I’m looking for a data structure that I’m sure must have already been invented and implemented, but which I can’t find (probably because I don’t know its canonical name).
The data structure I have in mind shares some properties with both a Set/Dict and a Vector:
it only stores unique values (like a Set)
values can be efficiently accessed by a linear index (like a Vector)
given a value, it should be fast (by which I mean something like \mathcal{O}(1) complexity) to check whether it is in the set, and if so retrieve its index.
To illustrate what I mean, the following is a bare-bone (probably not optimal) implementation providing all features I need:
struct IndexedSet{T}
idx :: Dict{T, Int}
val :: Vector{T}
IndexedSet{T}() where {T} = new{T}(Dict(), [])
end
function Base.push!(is::IndexedSet, val)
get!(is.idx, val) do
push!(is.val, val)
lastindex(is.val)
end
end
Base.iterate(is::IndexedSet, args...) = iterate(is.val, args...)
Base.in(val, is::IndexedSet) = val ∈ keys(is.idx)
Base.length(is::IndexedSet) = length(is.val)
Base.getindex(is::IndexedSet, idx) = is.val[idx]
indexof(is::IndexedSet, val) = is.idx[val]
# Tests / usage example
is = IndexedSet{String}()
push!(is, "foo")
push!(is, "bar")
push!(is, "baz")
push!(is, "foo") # no-op, since "foo" is already in the set
@assert length(is) == 3
# These should all be fast
@assert "bar" ∈ is
@assert is[3] == "baz"
@assert indexof(is, "baz") == 3
Isn’t this a classical data structure? Does it have a name?
I looked in DataStructures.jl and found OrderedSet or SortedSet, which come close but don’t provide everything I need (in particular no way to efficiently retrieve the index of a value as far as I could see).
Thanks, but the search seems to have linear complexity: it’s only fast when the OrderedSet contains few elements.
julia> os = OrderedSet{String}()
OrderedSet{String}()
julia> for i in 1:1000
push!(os, "foo_$i")
end
julia> @btime findfirst(==("foo_500"), $os)
1.565 μs (0 allocations: 0 bytes)
500
This is why I think “fast” in this context should mean “constant complexity”. For example, contrast the OrderedSet performance with an IndexedSet as implemented above:
julia> is = IndexedSet{String}()
IndexedSet{String}(Dict{String, Int64}(), String[])
julia> for i in 1:1000
push!(is, "foo_$i")
end
julia> @btime indexof($is, "foo_500")
12.531 ns (0 allocations: 0 bytes)
500
julia> is = Indices{String}()
0-element Indices{String}
julia> for i in 1:1000
insert!(is, "foo_$i")
end
julia> using BenchmarkTools
julia> @btime "foo_500" in $is
12.566 ns (0 allocations: 0 bytes)
true
Edit: actually probably a Dictionary{T, Int} could be better to be able to create a indexof function
I just noticed that your push! function does not return the original container you are pushing to, but one of its fields. Thus may lead to unexpected behavior.

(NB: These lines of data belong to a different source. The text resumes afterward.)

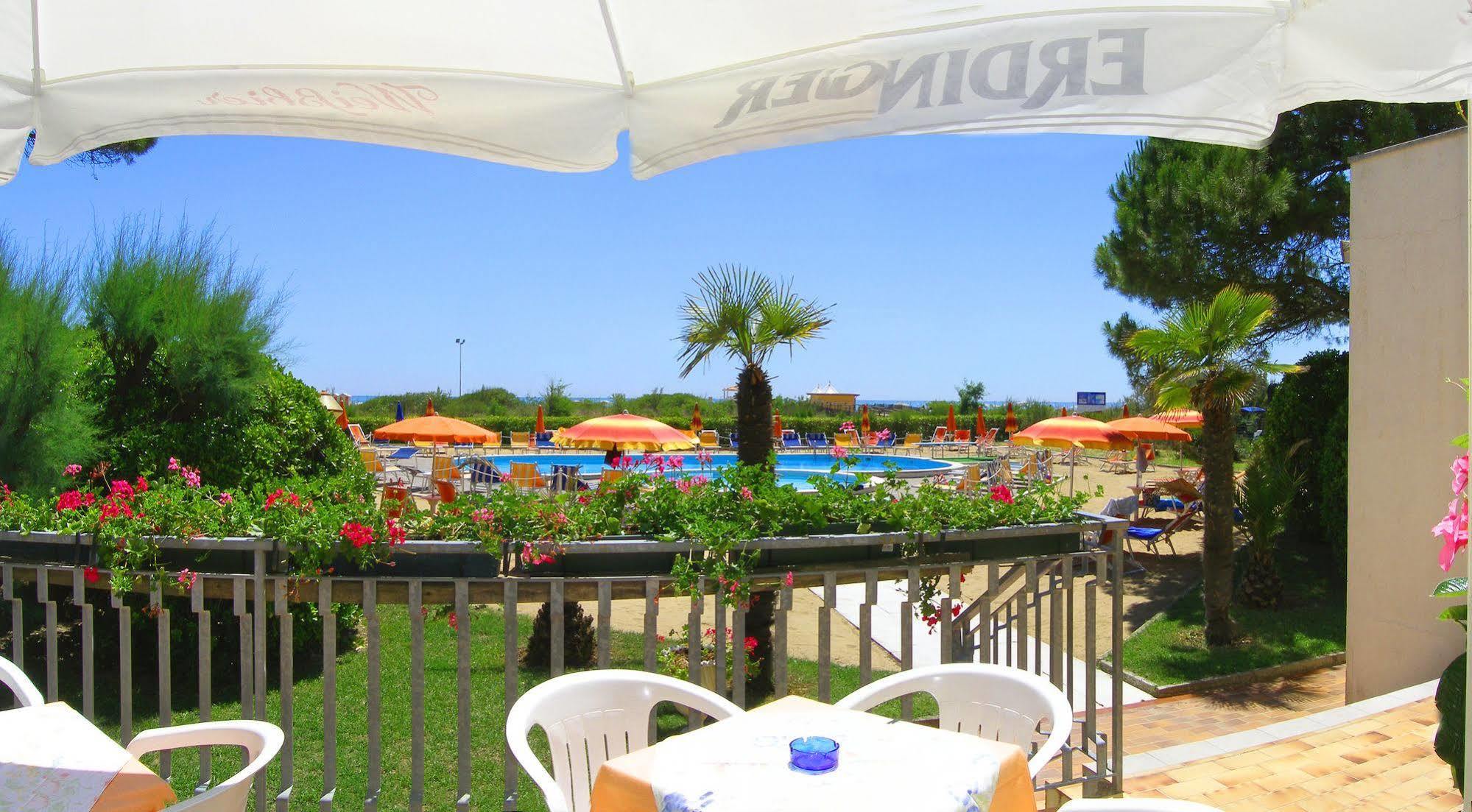 Hotel Bertha Fronte Mare Lido di Jesolo Exteriér fotografie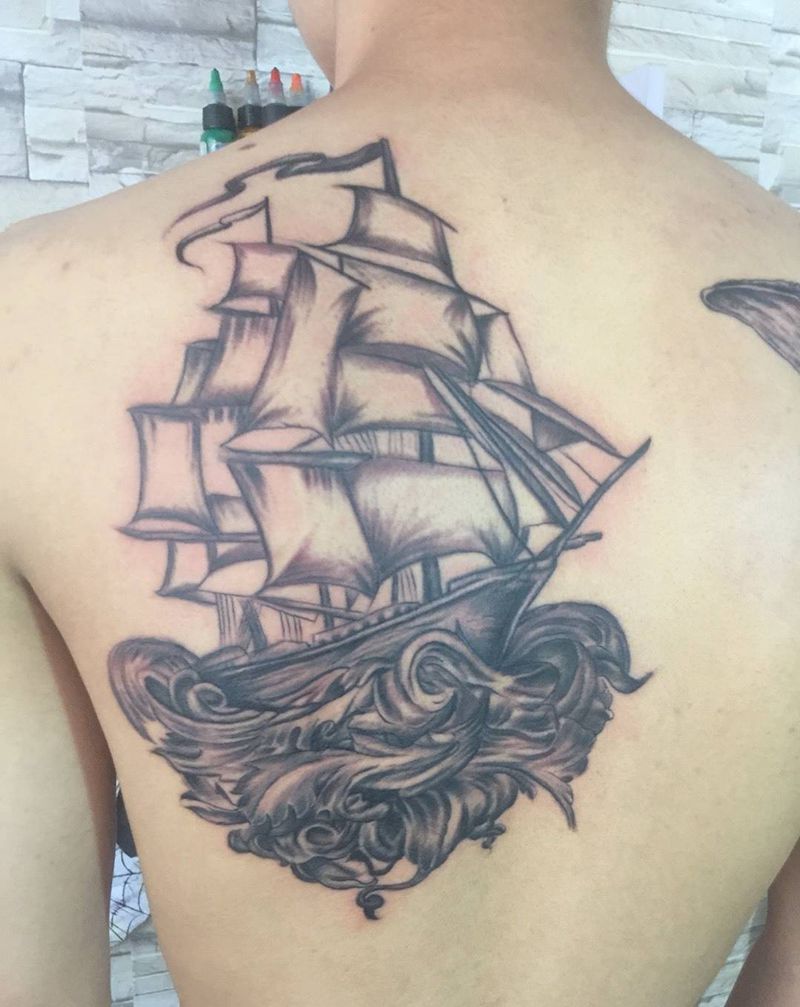 帆船纹身图片_成品肩部颈部欧美静物纹身图案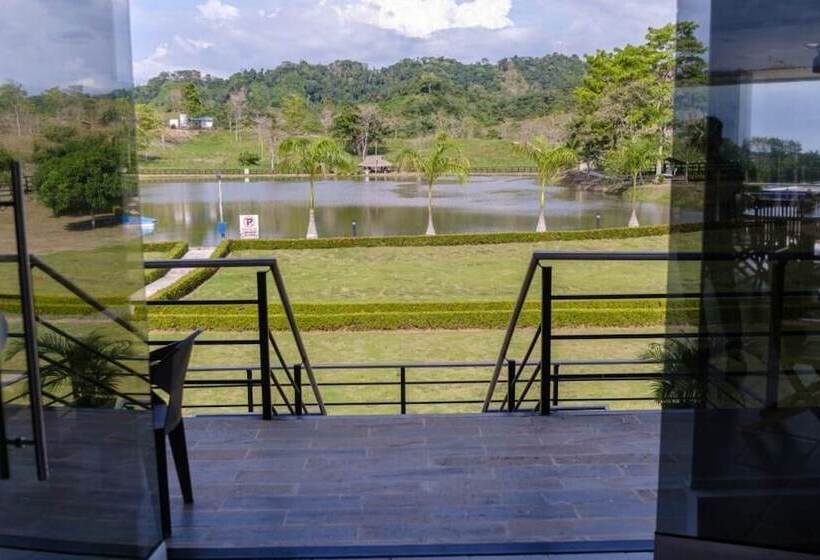 בית מלון כפרי Resort Marianza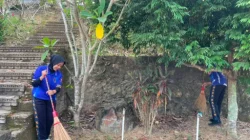 Kepedulian Polri Terhadap Kebersihan Tempat Ibadah, Satpolair Polres Kukar Laksanakan Bersih-Bersih Di Pura Payogan Agung Kutai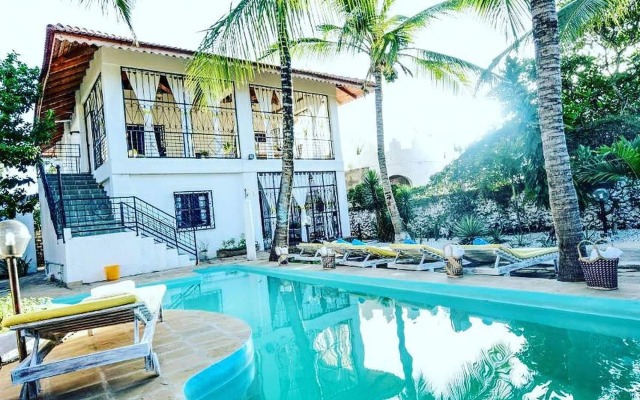 Watamu Sunflower House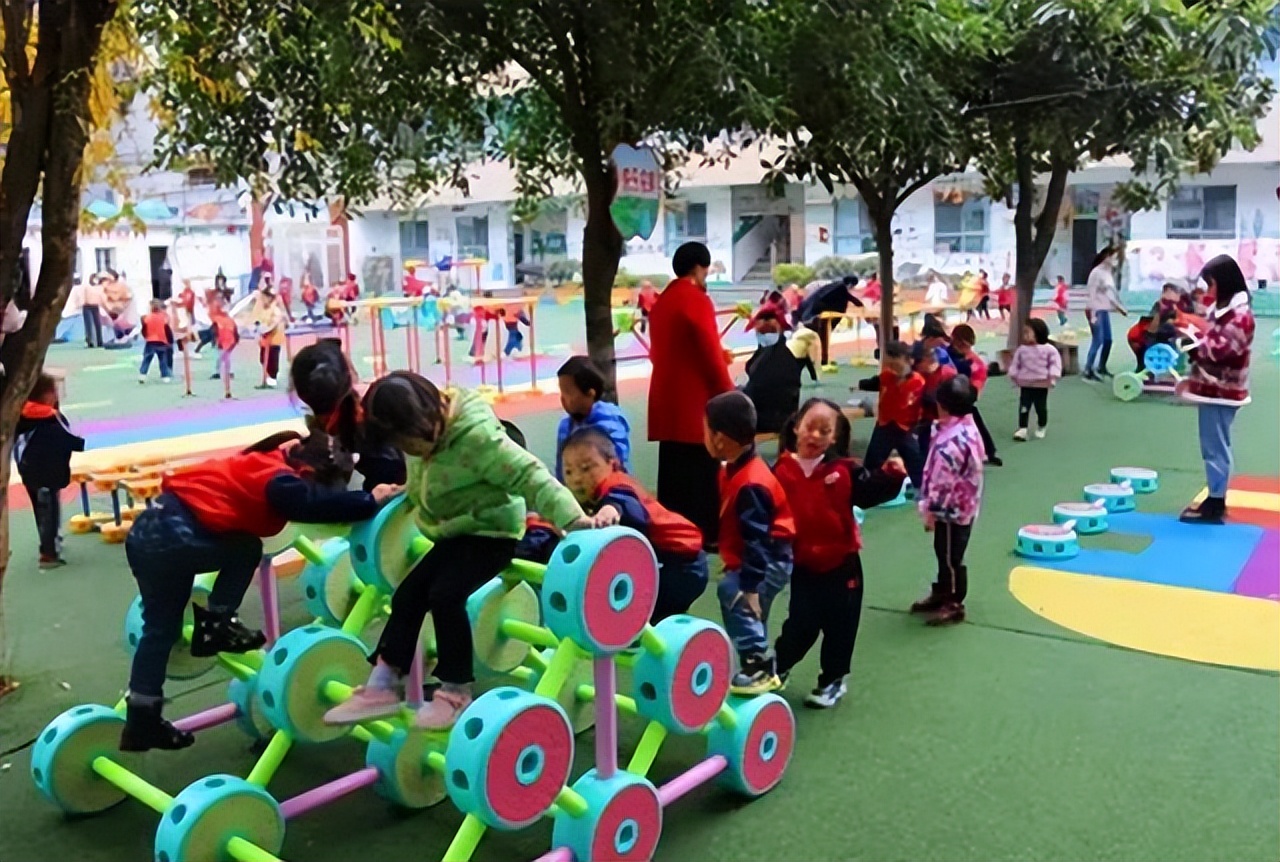 幼儿园小便池洗餐具真假事件,幼儿园便池洗餐具通报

Thanks a lot! Indices from Dictionaries.jl indeed seems to be exactly what I need.
For the sake of completeness, here is a comparison of how to perform linear indexing for both data structures:
The only concern I have is that “tokens” seem to be part of the interface describing how to implement new subtypes of AbstractIndices, rather than the public interface of Indices{T}. By which I mean that the docs don’t give me the impression that it would be guaranteed that tokentype(Indices{String}()) == Int or that the token values are contiguous integers starting from 1. But I’m not expecting that to change either, so it should be fine in practice.